# Your assignment
Find each line of the entries with the string "industrial", please, and copy it.

(Short descriptive text snippets)

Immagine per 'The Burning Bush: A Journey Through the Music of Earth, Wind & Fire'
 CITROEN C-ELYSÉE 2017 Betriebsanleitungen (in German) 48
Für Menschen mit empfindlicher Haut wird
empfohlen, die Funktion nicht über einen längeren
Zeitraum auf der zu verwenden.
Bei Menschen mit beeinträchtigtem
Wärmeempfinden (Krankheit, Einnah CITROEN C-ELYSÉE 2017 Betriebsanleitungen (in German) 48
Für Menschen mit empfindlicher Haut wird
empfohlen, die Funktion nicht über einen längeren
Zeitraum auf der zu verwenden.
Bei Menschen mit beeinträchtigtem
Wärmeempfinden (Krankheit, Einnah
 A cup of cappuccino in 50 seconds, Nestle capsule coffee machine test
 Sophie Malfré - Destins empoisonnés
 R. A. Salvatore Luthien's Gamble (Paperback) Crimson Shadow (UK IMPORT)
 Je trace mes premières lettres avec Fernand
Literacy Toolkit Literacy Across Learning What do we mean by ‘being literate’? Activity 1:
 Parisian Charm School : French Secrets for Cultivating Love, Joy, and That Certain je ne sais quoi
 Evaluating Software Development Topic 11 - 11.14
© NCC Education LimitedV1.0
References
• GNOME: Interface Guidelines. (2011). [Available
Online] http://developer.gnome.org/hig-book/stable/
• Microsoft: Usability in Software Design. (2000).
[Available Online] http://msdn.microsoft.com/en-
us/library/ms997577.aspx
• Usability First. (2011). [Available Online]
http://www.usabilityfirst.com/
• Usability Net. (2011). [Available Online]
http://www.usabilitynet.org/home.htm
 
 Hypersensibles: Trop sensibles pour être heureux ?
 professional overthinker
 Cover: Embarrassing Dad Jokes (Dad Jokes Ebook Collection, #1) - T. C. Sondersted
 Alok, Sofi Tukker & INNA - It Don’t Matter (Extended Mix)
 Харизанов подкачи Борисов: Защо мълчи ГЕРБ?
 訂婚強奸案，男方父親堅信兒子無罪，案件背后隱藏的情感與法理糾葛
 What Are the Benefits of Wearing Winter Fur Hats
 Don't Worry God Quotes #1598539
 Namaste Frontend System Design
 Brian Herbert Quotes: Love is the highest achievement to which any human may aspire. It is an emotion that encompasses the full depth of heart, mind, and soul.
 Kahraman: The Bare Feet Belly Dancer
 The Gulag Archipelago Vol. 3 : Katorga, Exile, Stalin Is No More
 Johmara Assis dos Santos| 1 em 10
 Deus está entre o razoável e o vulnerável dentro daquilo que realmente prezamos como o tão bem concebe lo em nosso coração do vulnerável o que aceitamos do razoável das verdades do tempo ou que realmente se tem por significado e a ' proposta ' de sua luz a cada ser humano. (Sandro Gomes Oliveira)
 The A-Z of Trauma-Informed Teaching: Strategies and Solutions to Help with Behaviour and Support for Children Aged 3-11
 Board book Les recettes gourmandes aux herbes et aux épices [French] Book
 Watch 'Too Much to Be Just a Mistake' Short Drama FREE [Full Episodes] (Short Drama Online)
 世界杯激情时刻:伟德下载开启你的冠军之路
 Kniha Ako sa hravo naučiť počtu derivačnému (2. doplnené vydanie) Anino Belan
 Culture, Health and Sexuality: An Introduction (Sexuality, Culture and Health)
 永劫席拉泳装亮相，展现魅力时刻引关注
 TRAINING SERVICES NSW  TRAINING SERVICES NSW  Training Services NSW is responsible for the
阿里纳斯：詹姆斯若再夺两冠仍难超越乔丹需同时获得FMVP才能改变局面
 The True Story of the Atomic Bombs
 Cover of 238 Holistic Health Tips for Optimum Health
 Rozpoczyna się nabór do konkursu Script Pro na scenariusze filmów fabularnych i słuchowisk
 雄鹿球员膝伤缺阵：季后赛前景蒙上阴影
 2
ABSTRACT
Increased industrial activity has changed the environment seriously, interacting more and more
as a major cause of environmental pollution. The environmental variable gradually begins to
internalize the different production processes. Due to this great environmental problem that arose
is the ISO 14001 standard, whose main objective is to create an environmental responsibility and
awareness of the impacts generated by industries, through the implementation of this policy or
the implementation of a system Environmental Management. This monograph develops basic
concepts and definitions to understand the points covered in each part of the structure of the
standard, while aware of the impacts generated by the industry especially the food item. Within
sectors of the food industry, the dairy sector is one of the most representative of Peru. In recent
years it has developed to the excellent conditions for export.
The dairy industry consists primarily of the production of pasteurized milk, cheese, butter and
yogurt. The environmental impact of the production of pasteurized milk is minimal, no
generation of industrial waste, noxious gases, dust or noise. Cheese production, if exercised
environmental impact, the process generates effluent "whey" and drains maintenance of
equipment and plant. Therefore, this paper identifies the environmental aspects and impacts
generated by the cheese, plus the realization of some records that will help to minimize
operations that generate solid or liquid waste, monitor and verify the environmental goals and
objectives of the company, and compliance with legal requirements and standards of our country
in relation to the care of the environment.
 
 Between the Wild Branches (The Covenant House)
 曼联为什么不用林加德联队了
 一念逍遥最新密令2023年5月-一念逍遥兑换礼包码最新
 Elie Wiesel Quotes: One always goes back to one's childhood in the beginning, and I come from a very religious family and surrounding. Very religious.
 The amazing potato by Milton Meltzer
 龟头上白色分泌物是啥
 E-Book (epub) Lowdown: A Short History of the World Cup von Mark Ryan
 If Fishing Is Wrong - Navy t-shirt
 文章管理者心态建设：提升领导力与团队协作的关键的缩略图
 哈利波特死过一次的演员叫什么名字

# Your solution
Increased industrial activity has changed the environment seriously, interacting more and more
generation of industrial waste, noxious gases, dust or noise. Cheese production, if exercised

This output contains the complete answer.